• PROBLEM REQUIREMENTS:
Output the whole listing exactly, except for the pictures in it.

• DATA BLOCK:

______________________________

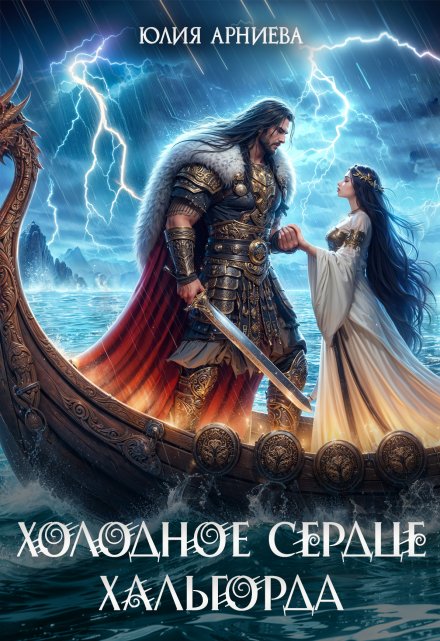 Холодное сердце Хальгорда / Юлия Арниева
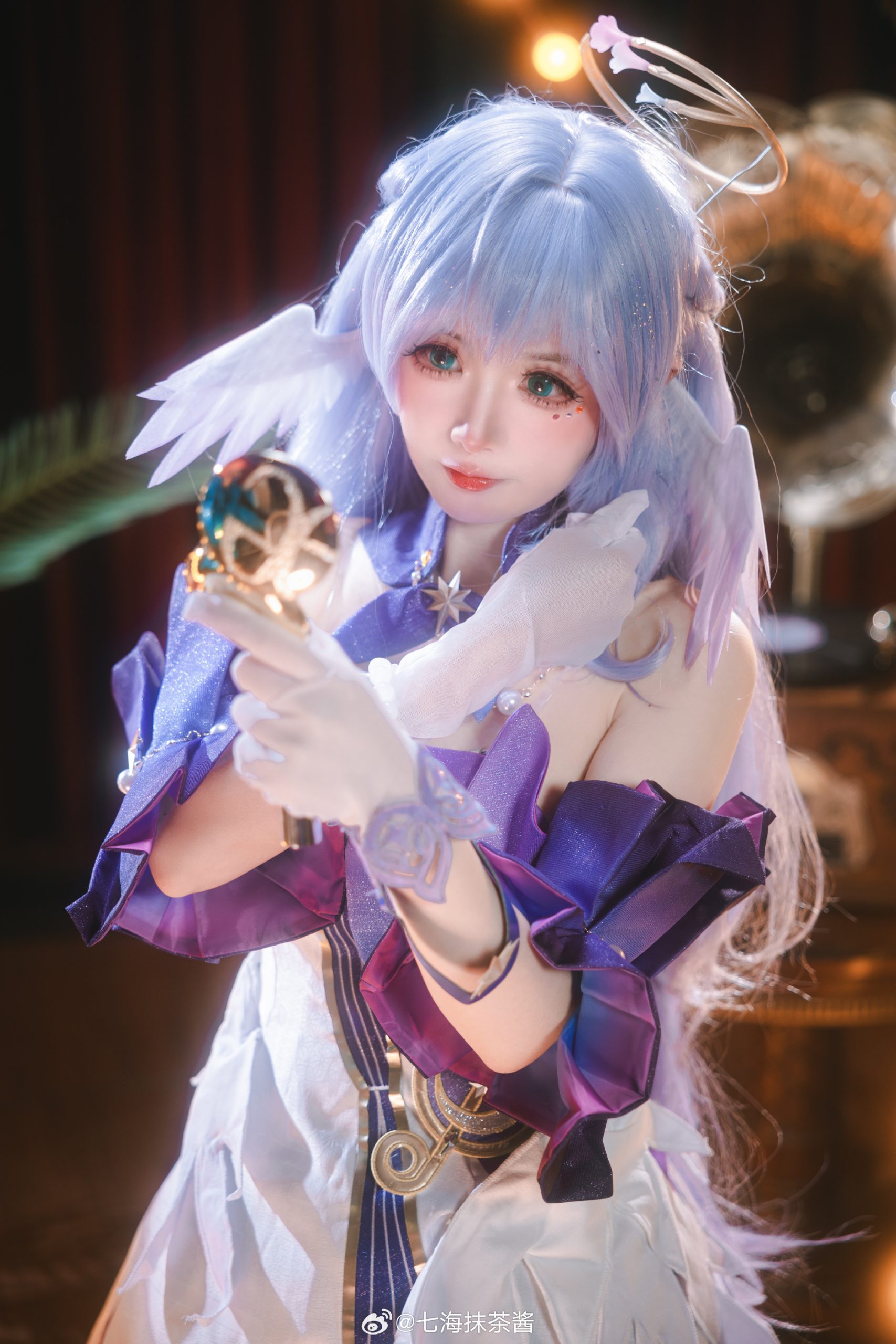 [COSPLAY] 如果羽翼不幸残缺，那就把翅膀借给彼此。崩坏：星穹铁道 知更鸟@七海抹茶酱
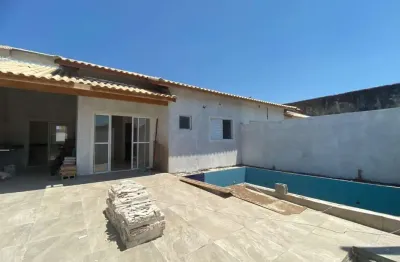 Casa para venda em itanhaém, califórnia, 2 dormitórios, 1 suíte, 1 banheiro, 2 vagas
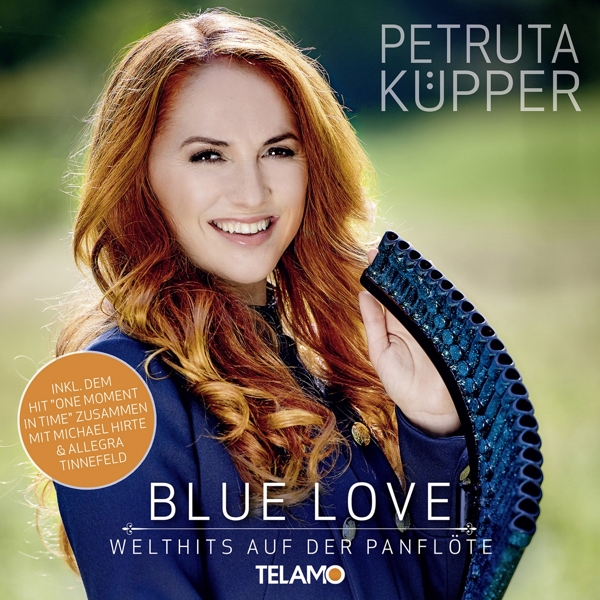 4053804312301 - Blue Love - Welthits auf der Panflöte - Petruta Küpper (CD)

______________________________

• SOLUTION TO THE PROBLEM:
 Холодное сердце Хальгорда / Юлия Арниева
 [COSPLAY] 如果羽翼不幸残缺，那就把翅膀借给彼此。崩坏：星穹铁道 知更鸟@七海抹茶酱
 Casa para venda em itanhaém, califórnia, 2 dormitórios, 1 suíte, 1 banheiro, 2 vagas
 4053804312301 - Blue Love - Welthits auf der Panflöte - Petruta Küpper (CD)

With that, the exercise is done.